O galpão que abriga o mercado concentrador de José C. Paz pertence à prefeitura e já existia desde 2007. Tem oito mil metros quadrados, uma praça de alimentação com lanchonetes modestas, quase 100 estandes de roupas, CDs e DVDs piratas, algumas lojas de tatuagens e até um sex shop. "Reparamos celulares molhados e celulares chineses", avisa um cartaz no corredor principal, que indica uma loja de bugigangas eletrônicas.
O administrador do mercado, Martín Ledesma, disse que as negociações com a Casa Rosada para sediar o projeto do governo começaram em setembro. A Secretaria de Comércio Interior aluga os espaços. Em um primeiro momento, 20 produtores ou cooperativas aderiram à iniciativa. Em breve, serão instalados quiosques para vender embutidos e até carne de cordeiro. "O objetivo é que os produtores ponham suas mercadorias na mesa dos consumidores, sem intermediários, a preços justos e razoáveis", explica ele.
Se a popularidade da presidente no município aumentar junto com o fluxo de gente, ela ganhou muitos votos. "No sábado anterior à inauguração dos postos de alimentos, passaram por aqui de oito a nove mil pessoas. No sábado seguinte, foram 12 mil. E vamos chegar logo a 20 mil", afirma Ledesma. Os preços não vão subir? Isso vai durar ou termina depois das eleições presidenciais de 23 de outubro?

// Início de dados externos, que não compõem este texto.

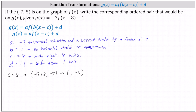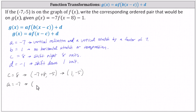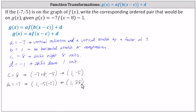Again, working our way from inside out, because a equals negative seven, we have a vertical reflection and a vertical stretch by a factor of seven — this affects the y value. We now need to multiply the y value of negative five by negative seven. So we will have the ordered pair one comma negative five times negative seven, which gives us the ordered pair one comma 35.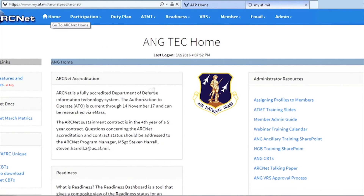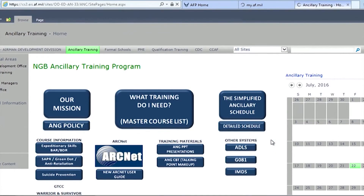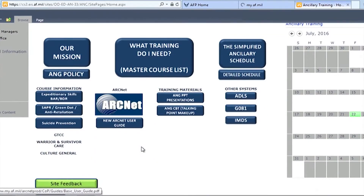Remember, the DoD has a zero tolerance policy for any kind of human trafficking. If you believe you have witnessed a trafficking operation or believe a person is being trafficked, you should report that information to your chain of command, security forces, or the IG. For a complete list of resources and links for this and all other ancillary training topics, please visit our SharePoint. Look for our link on your ARCnet homepage.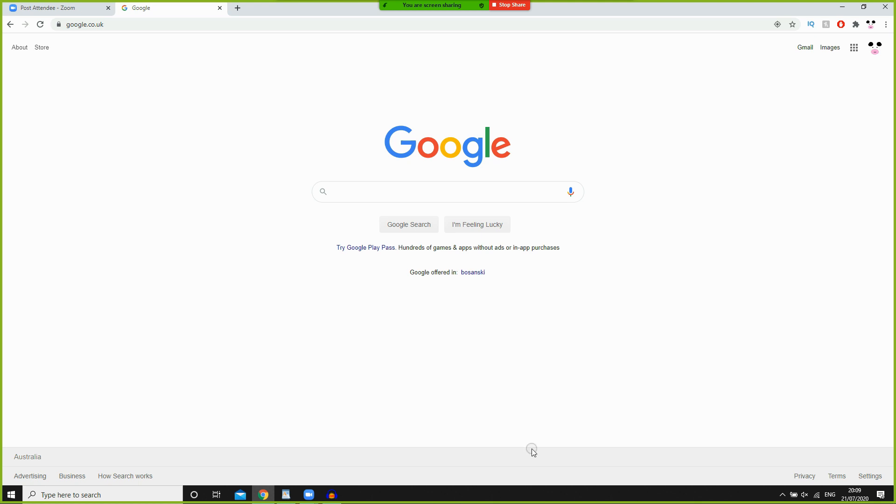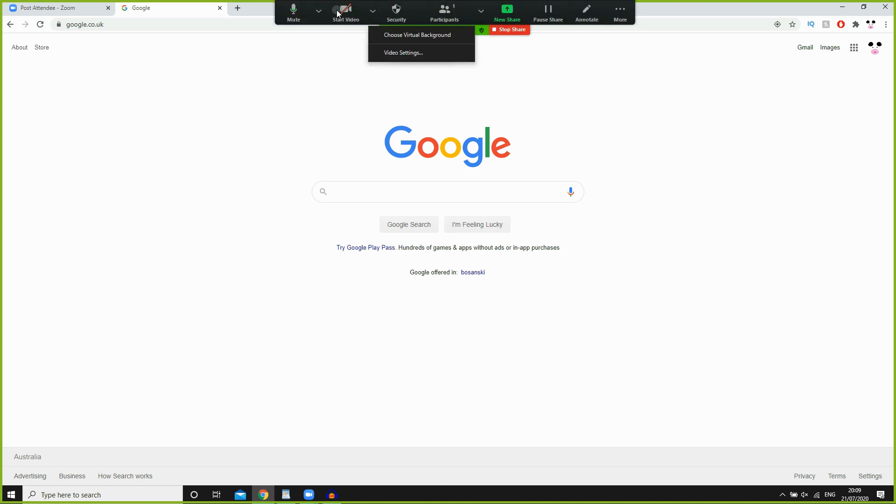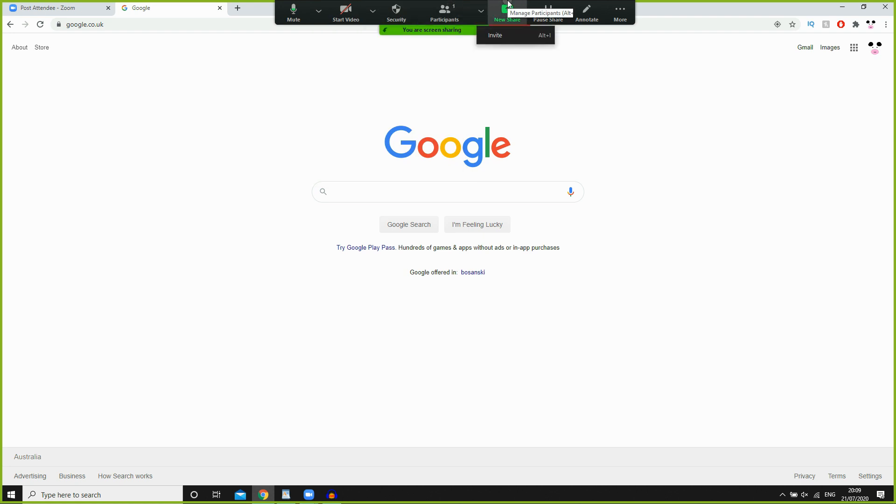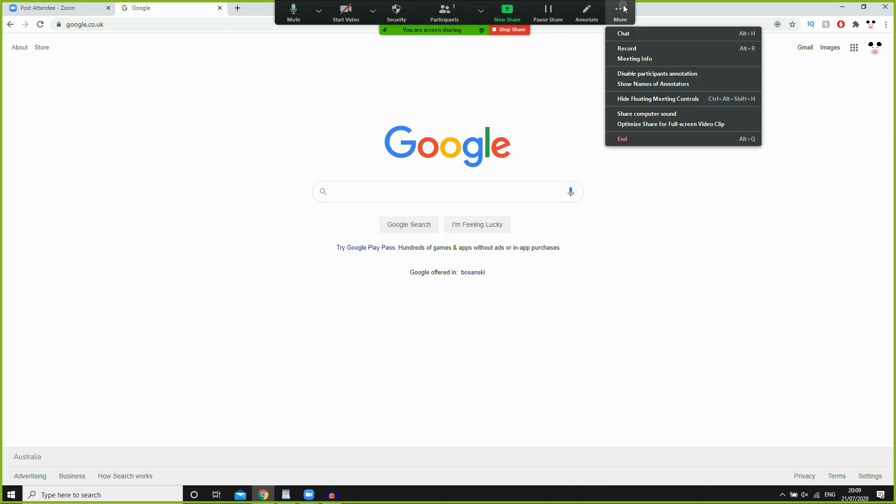You're going to need to be the host of the meeting to do this. Once you are, scroll up and get the menu wherever it is on your screen with all the options. You're going to want to go to the 'More' section, the three little dots where it says more.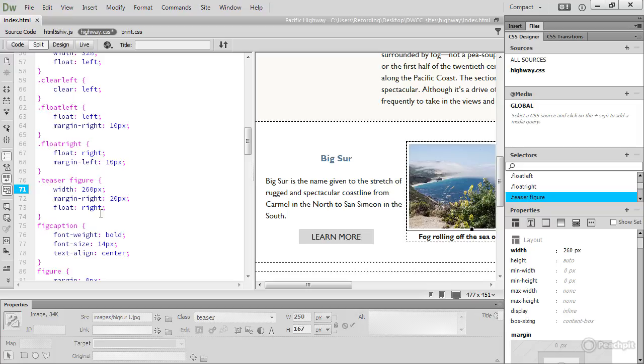Dreamweaver doesn't stop you doing that. But what you really need is to understand what the code is for and which properties, which CSS properties, are being used. Similarly, you need to understand the HTML.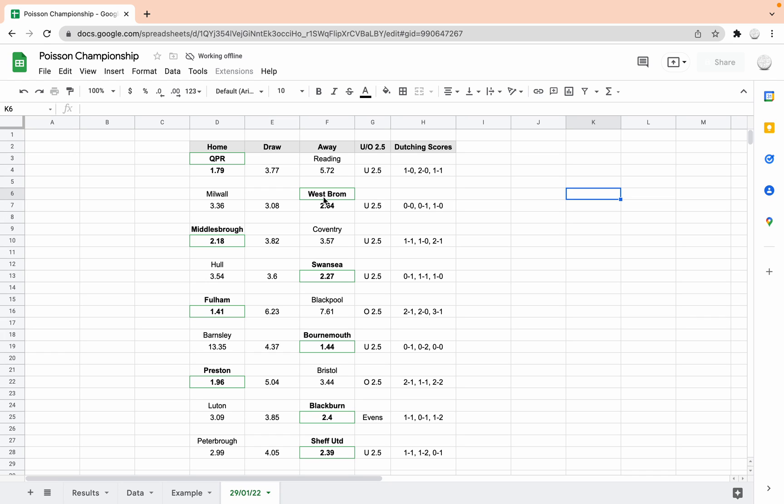So next we've got Millwall West Brom. And we've got West Brom to win this one at 2.64. So there the odds you should be using as a gauge. According to the model, I'm not saying you should, but it's saying under 2.5 goals again, and the most likely scorelines are 0-0, 0-1 or 1-0. So a real tight one there.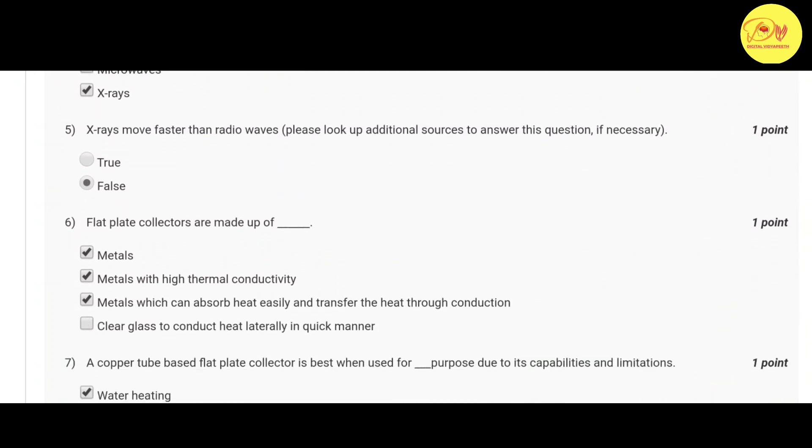Our fifth question is: x-rays move faster than the radio waves. Pick lookup additional sources to answer the questions if necessary. So you can use any type of another resource. Correct option is B false.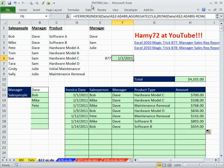Welcome to Excel Magic Trick number 880. If you want to download this workbook, click on the link below the video.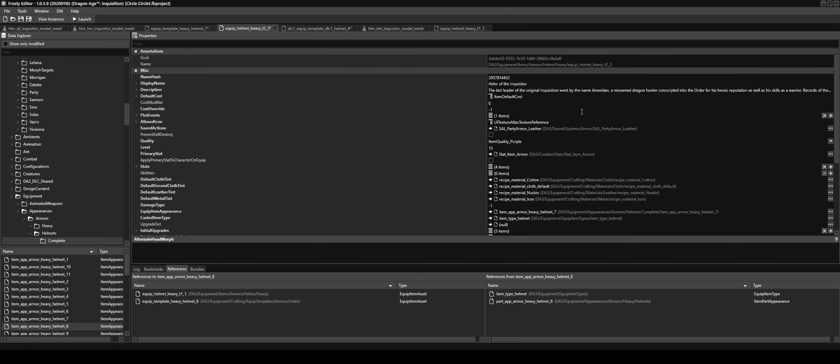Okay, I think that's everything. I will be including all the locations for the meshes and the textures and the equip item assets for the Inquisitor helm, if that's the one you want to use. Otherwise, go through the method I just showed to work out which equip item assets you need to edit. Okay, thank you. Bye.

"A intenção é manter os preços acordados com o governo e dar às pessoas a possibilidade de ter produtos da cesta básica por um valor bem acessível. E, pelo que tenho conversado com os produtores, eles vieram para ficar. Muitos fizeram investimentos em freezers, em câmaras frigoríficas. Isso não é coisa que se tira de um dia para o outro."